Ideas for our books can come from just about anywhere, and sometimes even we can’t pinpoint exactly how or why.  Did you have a specific origin point for your book?

A hawk alighted on my porch railing, prompting the first pages. I’d been toying for a while with an idea sparked by a walk through a marsh near our home—a girl’s journey—but the who and why were intangible threads. When the hawk visited, a friend called it auspicious and somewhere soon after that I sat down and started writing. I had no idea where it would go but Lark was suddenly there, shy and timid and burdened with her gift. (The marsh, on the other hand, waited for Book 2.)

Once the original concept existed how did you build a plot around it?

The rest of the story evolved while mowing the lawn. We have a large field bordered by woods, which I mow with a small, walk-behind mower.  This is insanely effort-ful, as the guys at the True Value hardware store enjoy reminding me when I bring the mower for repairs.
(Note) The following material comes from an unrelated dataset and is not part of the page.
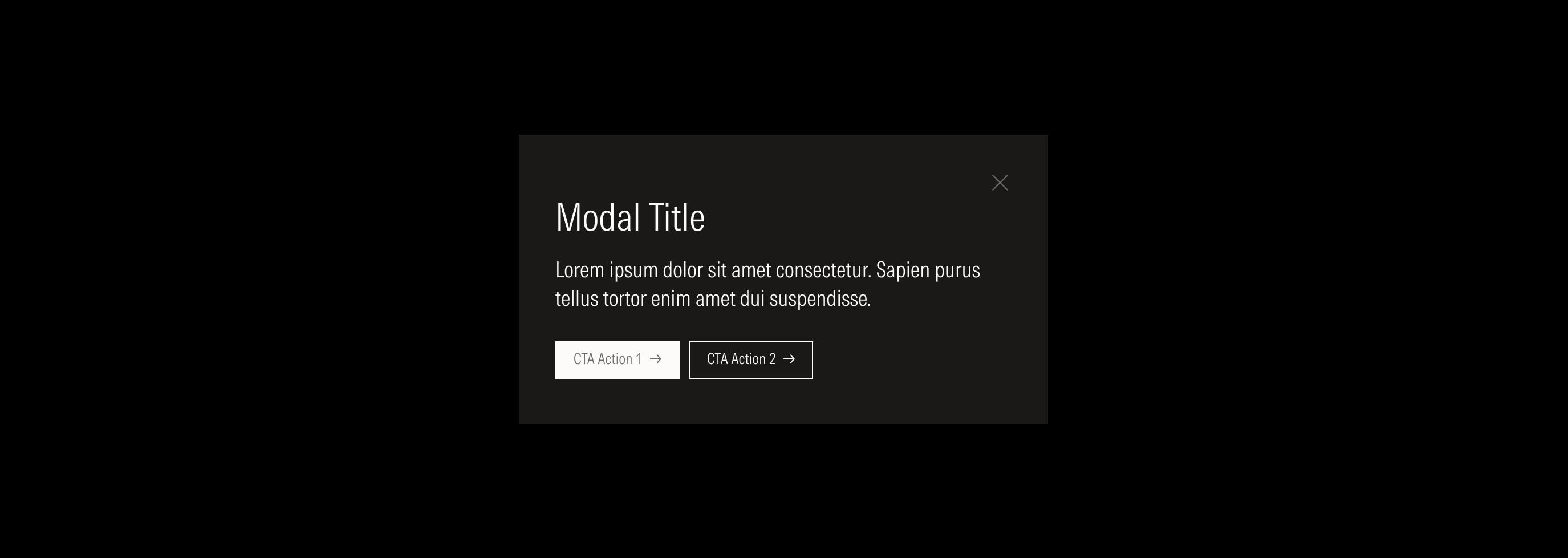 General modal on dark theme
But I like it—I watch all the life going on around the property and listen to the stories in my head.  So: I would say that plant and creature showed me the way into this fantasy—my own backyard inspiring Lark’s gardens, her fence, Dark Wood, ghisane, hawk, fox and hare. LARK RISING is a lot about Nature—both its fragility and its tenacity.

Have you ever had the plot firmly in place only to find it changing as the story moved from your mind to paper?

Since I am a ‘seat of the pants’ or ‘free’ writer I can’t say I’ve ever had a plot firmly in place, more like a beginning, end and a few points, or beats I want to hit. How I get there is fairly fluid and of course the challenge. Characters change, though. Some who I determined as hugely important recede and some who I assumed extraneous suddenly become integral to the plot.  I find that amazing.  I’d heard authors talk of characters wresting control of the work, and it’s true—they really do take on a life of their own.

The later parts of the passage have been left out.